Da wäre zum Beispiel Clarissa Ward, die gelobt wird für Ihre Berichterstattung in Afghanistan. Als weisse US-Amerikanerin konnte sie sich auch in den letzten Monaten in Afghanistan bewegen, wo sie für CNN berichtete. Disclaimer: Es geht nicht darum diese Frau in den Dreck zu ziehen. Ihre Arbeit ist wichtig. Dennoch muss auch über die Komplexität der Problematik gesprochen werden. Clarissa Ward begibt sich freiwillig in diese Gefahr. Sie hat das Glück, nach ihren Tours wieder in die USA zurückkehren zu können, kann die Länder verlassen und ihren Journalismus weiterführen, wie sie will. Sie steht unter besonderer Beobachtung und Schutz in den Gefahrenzonen, in welche sie sich freiwillig begibt, was an sich gut ist.

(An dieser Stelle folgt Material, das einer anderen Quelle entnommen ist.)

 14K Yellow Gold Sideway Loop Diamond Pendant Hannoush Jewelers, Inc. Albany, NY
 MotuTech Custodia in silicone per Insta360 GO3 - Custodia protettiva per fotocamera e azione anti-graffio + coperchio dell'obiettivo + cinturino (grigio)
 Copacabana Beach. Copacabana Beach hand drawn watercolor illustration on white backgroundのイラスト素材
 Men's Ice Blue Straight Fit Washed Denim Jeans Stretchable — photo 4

Trotzdem darf die Schattenseite nicht ignoriert werden: Einheimische Journalist:innen haben diese Privilegien nicht. Das hat sich im August diesen Jahres wieder gezeigt, als gefährdete Helfer:innen der Westlichen Regierungen und Medien Afghanistan nicht einfach verlassen durften, obwohl ihnen die Sicherung versprochen wurde.

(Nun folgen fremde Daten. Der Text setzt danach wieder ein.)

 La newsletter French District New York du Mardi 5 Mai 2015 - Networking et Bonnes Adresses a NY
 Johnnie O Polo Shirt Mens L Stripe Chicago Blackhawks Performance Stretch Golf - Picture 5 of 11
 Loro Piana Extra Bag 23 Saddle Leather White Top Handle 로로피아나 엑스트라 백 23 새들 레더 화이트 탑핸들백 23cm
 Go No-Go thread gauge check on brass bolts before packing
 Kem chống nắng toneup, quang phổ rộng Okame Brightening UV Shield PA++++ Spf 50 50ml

Ihre Sicherheit wird täglich aufs Spiel gesetzt, wenn sie weiterhin wichtige Aufklärungsarbeit in Form von Journalismus leisten. Dennoch werden ihre Berichte selten in grossen Medienhäusern publiziert.

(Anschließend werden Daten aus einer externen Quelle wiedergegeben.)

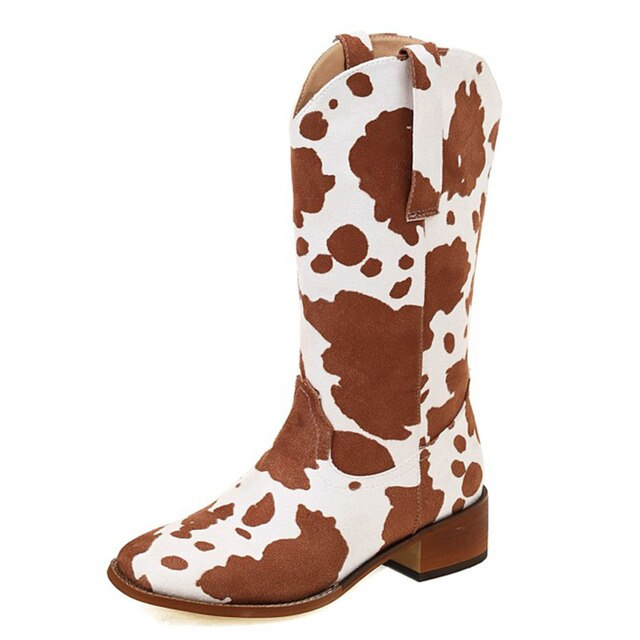 Women's Cow Print Western Block Heel Cowboy Boots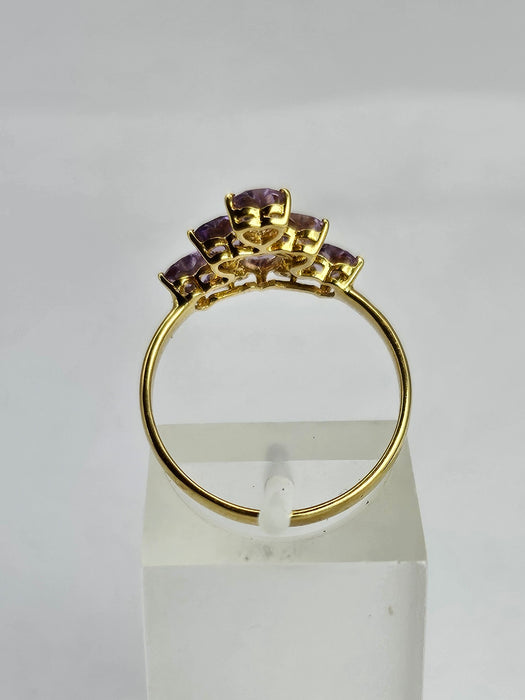 1497: Vintage: Rare 18ct Gold Lilac Amethyst Diamonds Tiered Ring- eclectic elegance
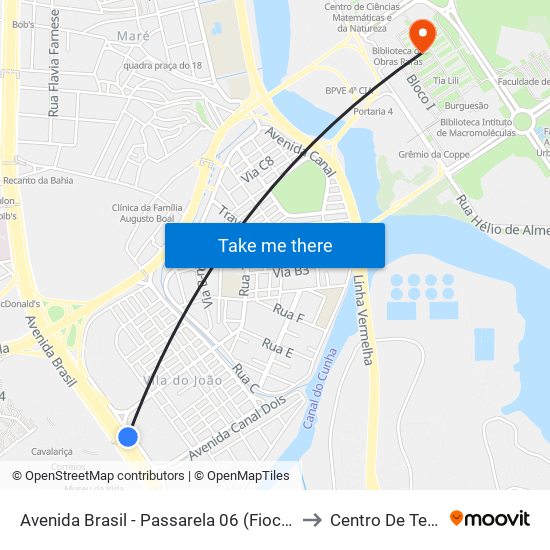 Avenida Brasil - Passarela 06 (Fiocruz | Vila Do João) to Centro De Tecnologia map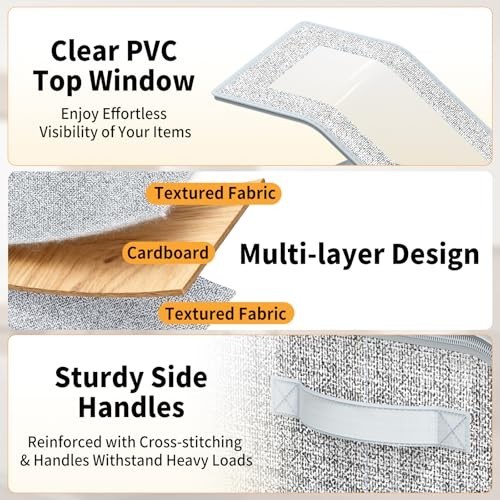 3 Pack Stackable Baseball Cap Organizer with Clear Lid - Foldable Hat Storage Bo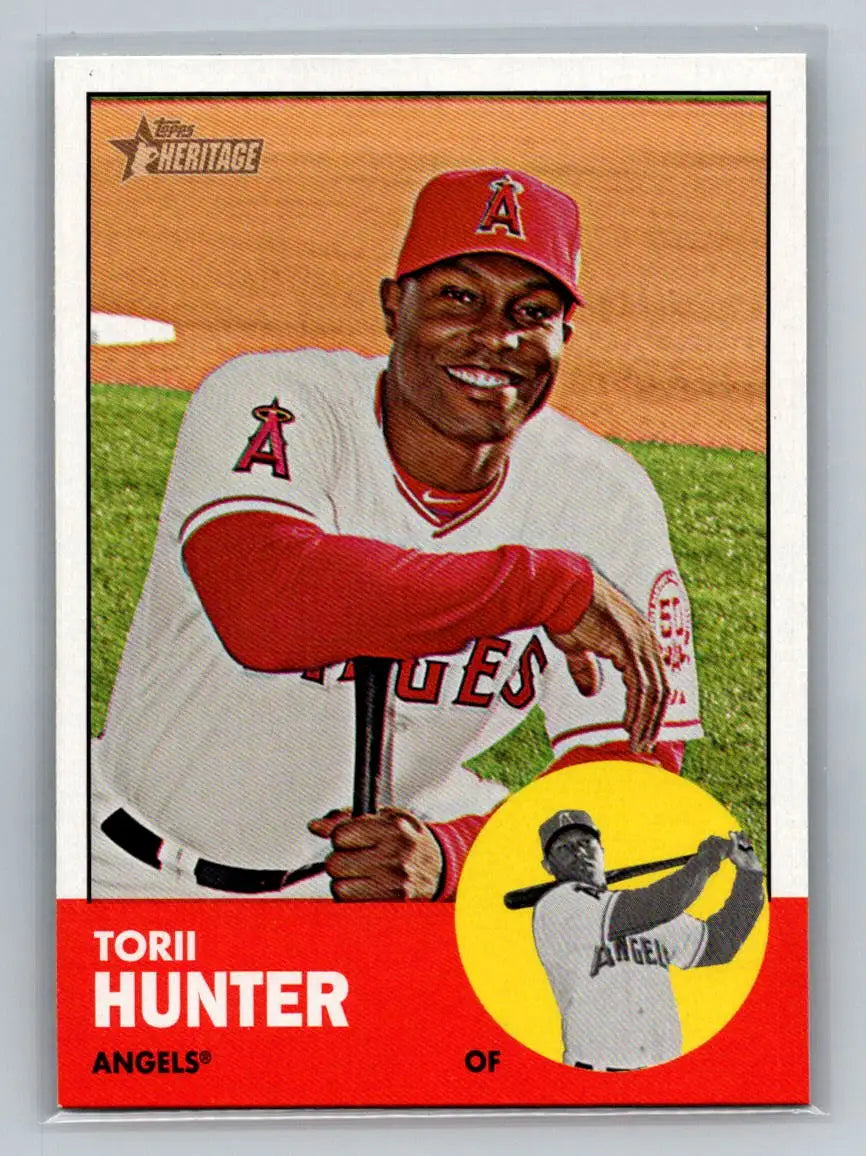 Torii Hunter 2012 Topps Heritage #98 baseball card for Los Angeles Angels fans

Als westliche Bevölkerung müssen wir einsehen, dass unsere Anschauung des Nahen Ostens geprägt ist von einseitiger, oft falscher und ignoranter Berichterstattung. Diese lange, irrtümliche Entwicklung gilt es nun zu stoppen und aufzuarbeiten, mit Hilfe von richtigen Expert:innen. Zudem gilt es, Berichte kritischer zu beobachten: Wer hat es geschrieben? Welche Qualifikationen besitzt die Person, um über dieses Thema schreiben zu können?
Empfehlenswert zu dieser Thematik ist «Der Längste Krieg» von Emran Feroz.